> AIM OF THE EXERCISE: Starting at the line with "ranch-style home featuring" and ending at the line with "A hotel room", print exactly the lines of the entries below. Pictures do not belong in the copy.

> DATA FOR PROCESSING:

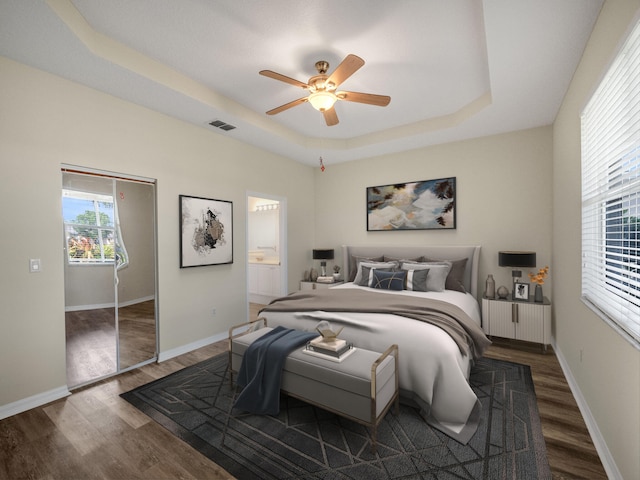 bedroom with dark hardwood / wood-style floors, ceiling fan, and multiple windows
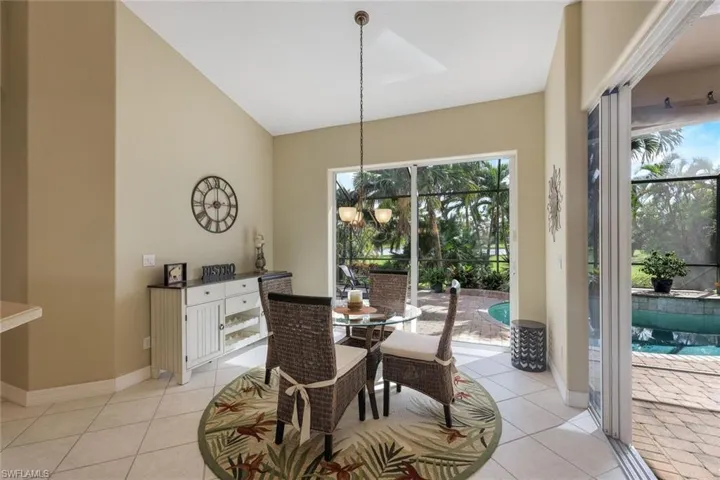Dining area in kitchen can be opened to the spacious lanai and pool area - great for entertaining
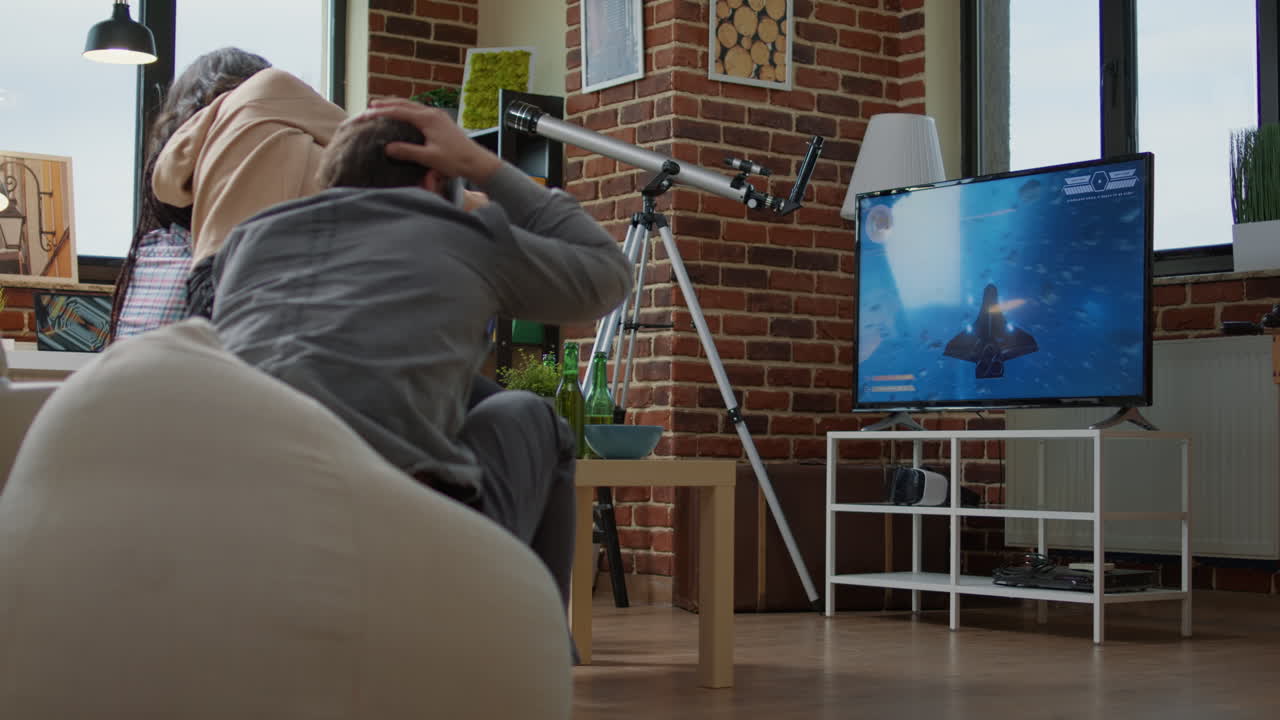 Friends playing online action video games on console game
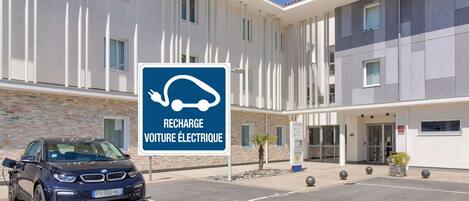 A modern building with a sign indicating electric vehicle charging.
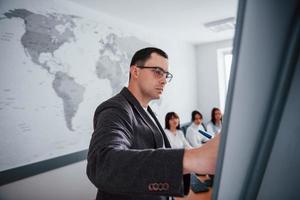 Serious man. Group of people at business conference in modern classroom at daytime photo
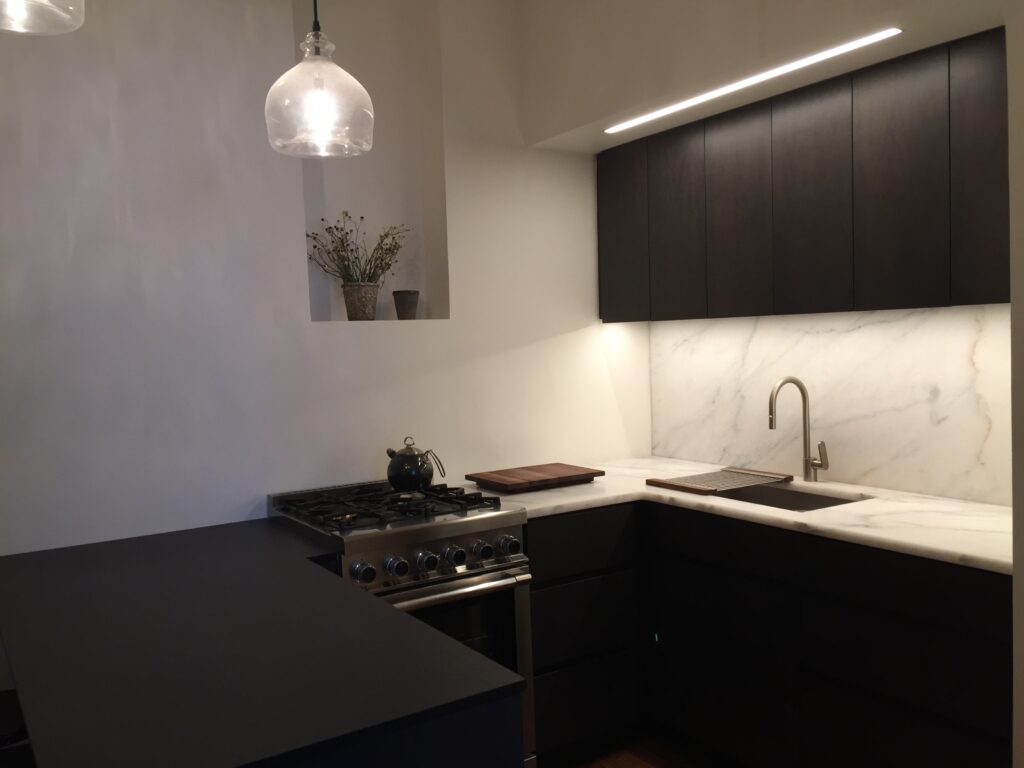 Close-up angle of a contemporary NYC kitchen with integrated lighting, pendant glass fixtures, and a bold black-and-white palette anchored by warm wood floors.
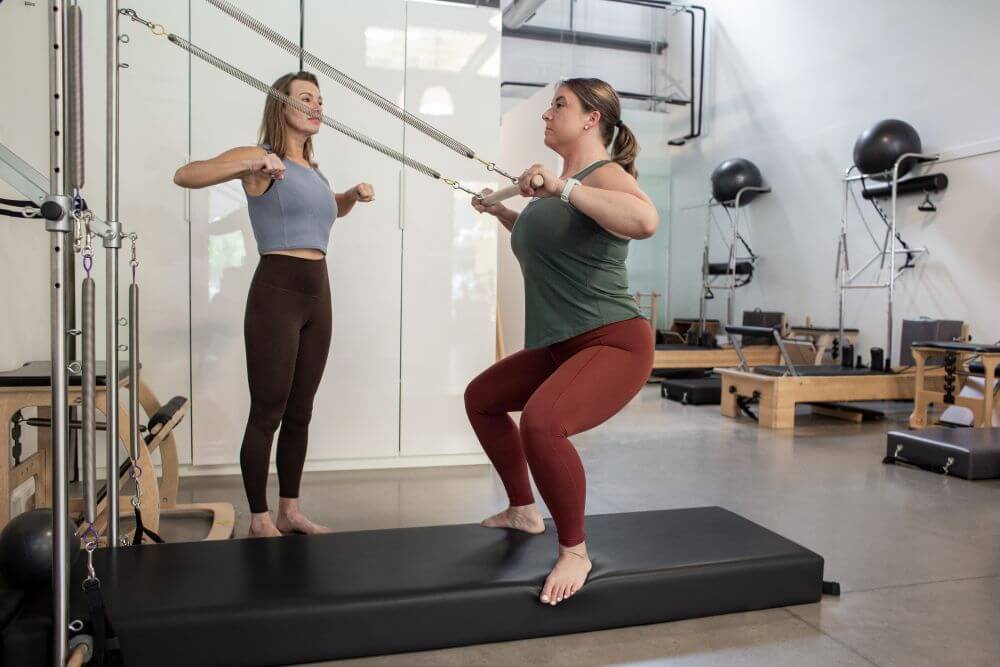 Pilates training with Wall Tower equipment in a studio setting.
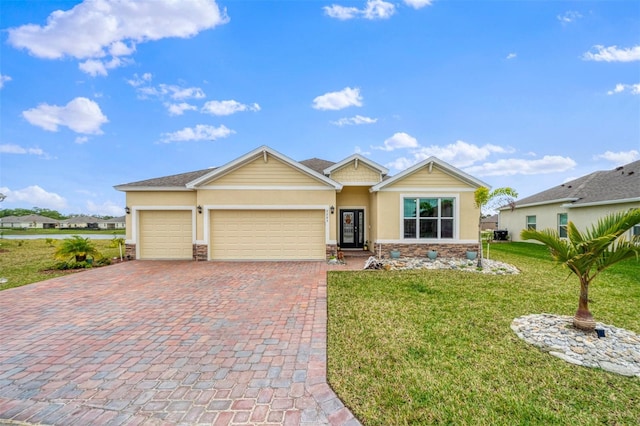 ranch-style home featuring decorative driveway, stucco siding, an attached garage, stone siding, and a front lawn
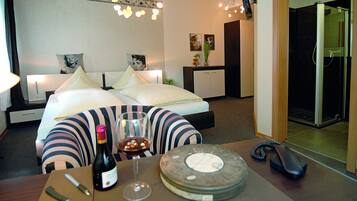 A hotel room with a bed, bedside table with a wine bottle and glass, a desk with a telephone, and a shower area.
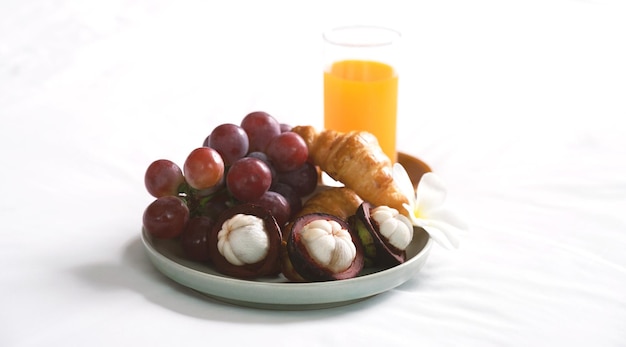 Breakfast, fruit, croissants, orange juice on a white bedsheet, Healthy food concept.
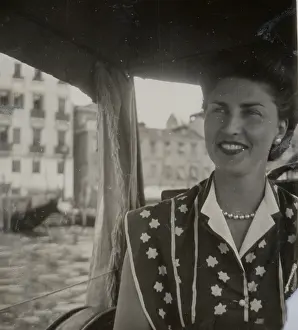 Gondola: Woman taking a ride on a gondola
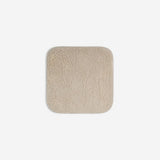 Beige organic cotton washcloth.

> ANSWER FOR THIS EXERCISE:
 ranch-style home featuring decorative driveway, stucco siding, an attached garage, stone siding, and a front lawn
 A hotel room with a bed, bedside table with a wine bottle and glass, a desk with a telephone, and a shower area.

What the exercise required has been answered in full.